Une fois au sommet, la montagne locale de Locarno offre une vue sur le point le plus bas de Suisse, le lac Majeur, et sur la montagne la plus élevée de Suisse, la pointe Dufour.   Photo L’Alsace /Alice HERRY
Une fois au sommet, la montagne locale de Locarno offre une vue sur le point le plus bas de Suisse, le lac Majeur, et sur la montagne la plus élevée de Suisse, la pointe Dufour.   Photo L’Alsace /Alice HERRY

À travers des chemins escarpés, le côté le plus typique du Tessin se dessine. Les sentiers sont taillés dans la roche, des spectaculaires ponts en pierre forment des passages obligés, et des villages prennent racine en pleine montagne. Se dévoilent alors les traces d’une vie ancienne. Des peintures religieuses, des fontaines, des balcons, des grottos (lire encadré)…
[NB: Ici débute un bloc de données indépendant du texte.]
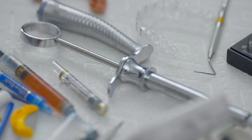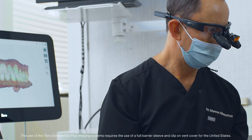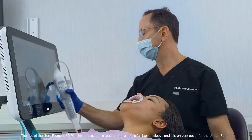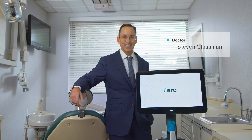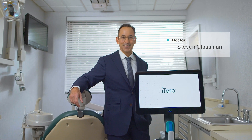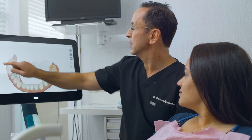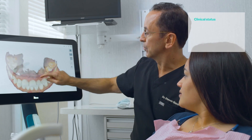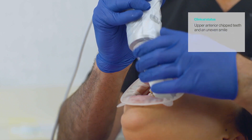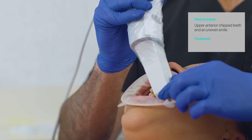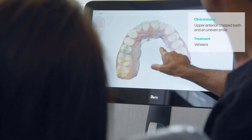With roots in restorative dentistry, iTero intraoral scanners are designed to streamline and enhance digital workflows like veneers. Dr. Steven Glassman will demonstrate just how intuitive the digital workflow for veneers can be. This patient came to see Dr. Glassman with the chief complaint of upper anterior chipped teeth and an uneven smile. After examination and diagnosis, the chosen treatment approach was eight minimally invasive veneers in order to create a symmetrical smile.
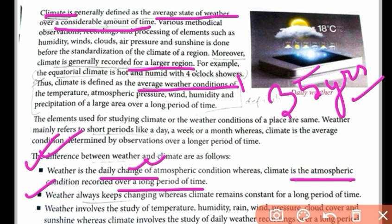Second difference: weather always keeps changing, whereas climate remains constant over a long period of time. Because we are concerned with a long period — almost 35 years of weather is considered as climate — minute changes will not be considered. Third: weather involves the study of temperature, humidity, rain, wind pressure, cloud cover, and sunshine, whereas climate involves the study of daily weather recording over a long period of time.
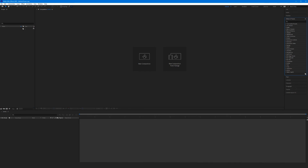So to review: we have our toolbar up here in the top left, our Project panel where we'll import things, our Composition panel where we will view what we're animating, our Timeline panel where our layers will exist and where all of our keyframes and animations will go, and then all of our tabbed panels over here to the far right. That's the layout of After Effects. In the next tutorial, we're going to talk about making a new composition and getting started in the Timeline panel.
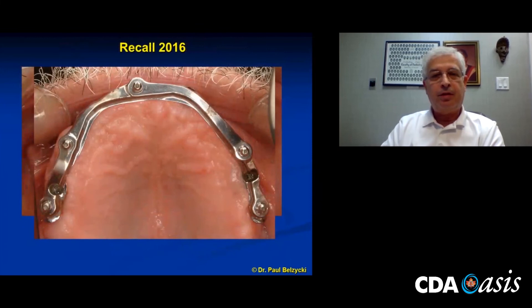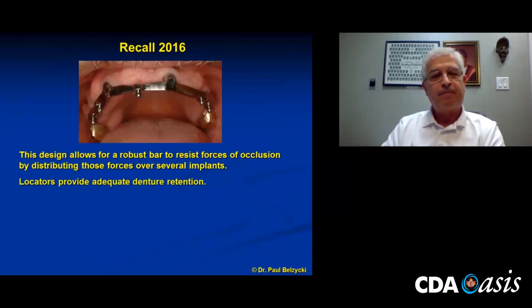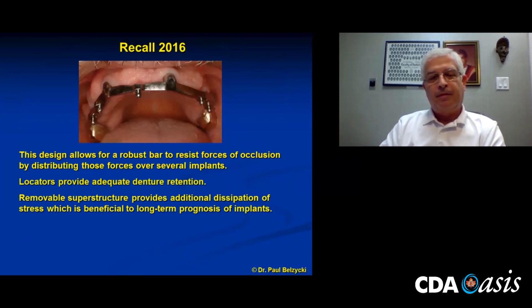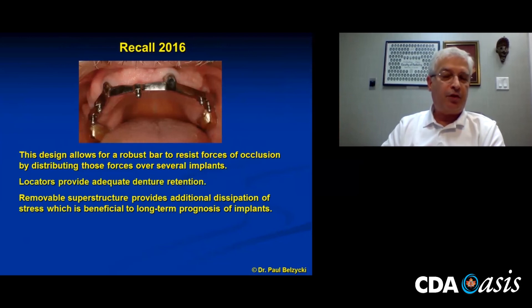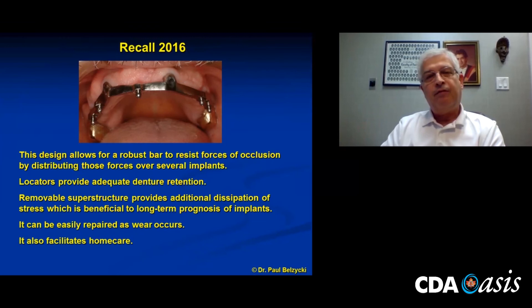This design allows for a robust bar to resist the forces of occlusion by distributing those forces over several implants. The locators provide adequate denture retention — it's never been a problem. Being a technician, I just give him a supply of locators and he can pop them in and out on his own. The removable superstructure is also a stress breaker, providing additional dissipation of stress, which is beneficial for the long-term prognosis and survivability of those implants. Components can be easily fixed if the teeth wear out, it's not a nightmare to repair, and it greatly facilitates home care — he can pop it out and clean in and around everything. His gums have never looked so good.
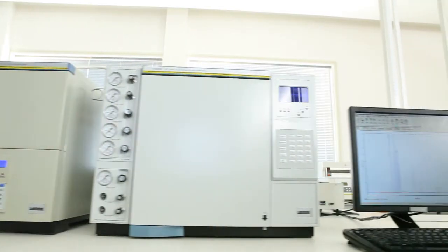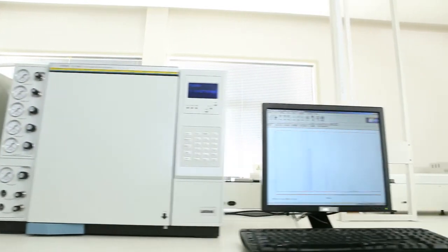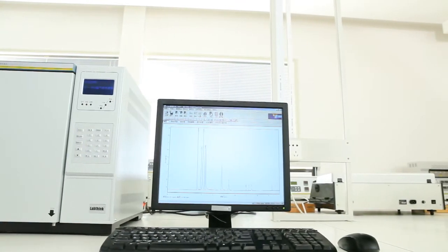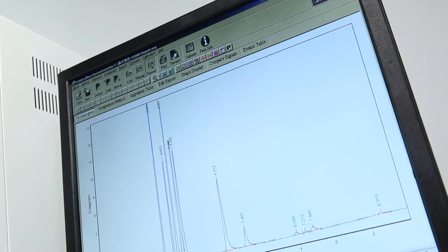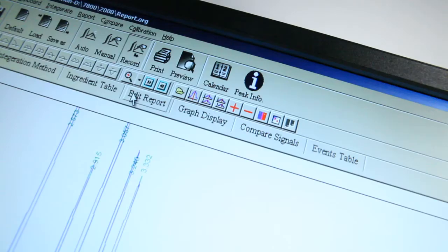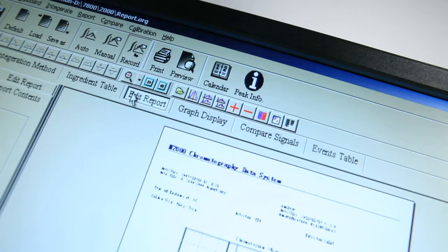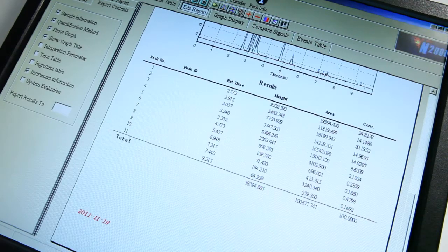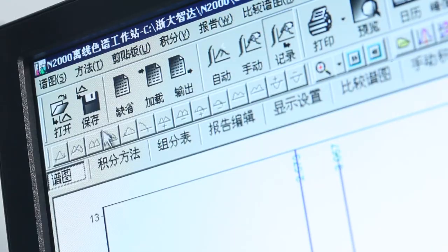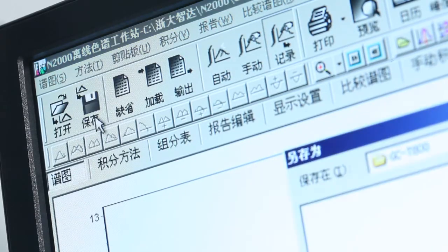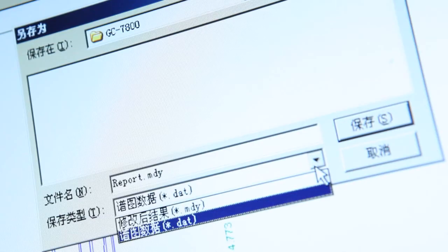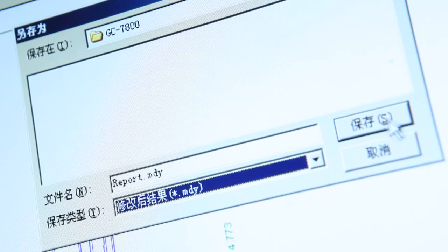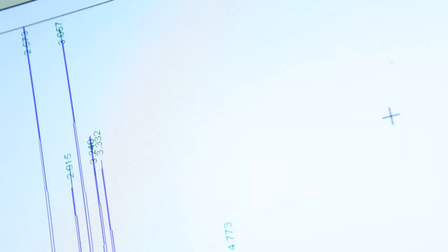The professional gas chromatography software equipped with this instrument provides powerful data reanalysis and reprocessing function. Also, the multi-format report exporting function makes the sharing of test data easier and more convenient.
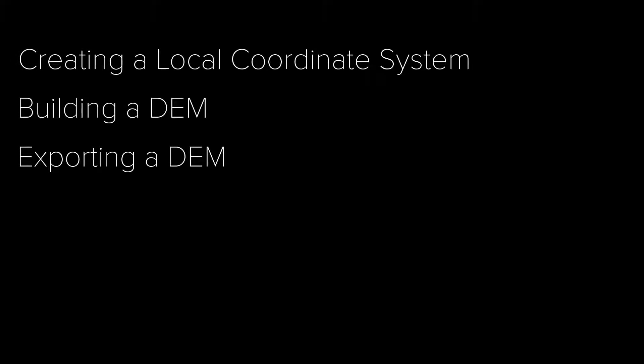In this video we have created a local coordinate system and we have built a DEM and exported it.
Ici, la nature sait se conjuguer à la culture. La table, fortement influencée par l’Italie, est savoureuse, le patrimoine architectural et historique, riche et varié.

Les sentiers sont taillés dans la roche et des villages prennent racine en pleine montagne.   Photo L’Alsace /Alice HERRY
Les sentiers sont taillés dans la roche et des villages prennent racine en pleine montagne.   Photo L’Alsace /Alice HERRY
Les maisons typiques en pierre des vallées du Tessin. Photo L’Alsace /Alice HERRY
Les maisons typiques en pierre des vallées du Tessin. Photo L’Alsace /Alice HERRY

Cascades et hameaux

Toujours un peu plus reculé dans les terres, avec un dénivelé positif qui grandit et des jambes qui fatiguent, le val Bavona apparaît. Cette vallée alpine est fortement marquée par les transhumances. Sauvage et rocheuse, elle est enclavée dans des parois vertigineuses et composée de douze hameaux typiques, appelés « terre ». Son patrimoine architectural remonte au XVIe siècle, période de la petite glaciation qui a provoqué l’exode de ses habitants.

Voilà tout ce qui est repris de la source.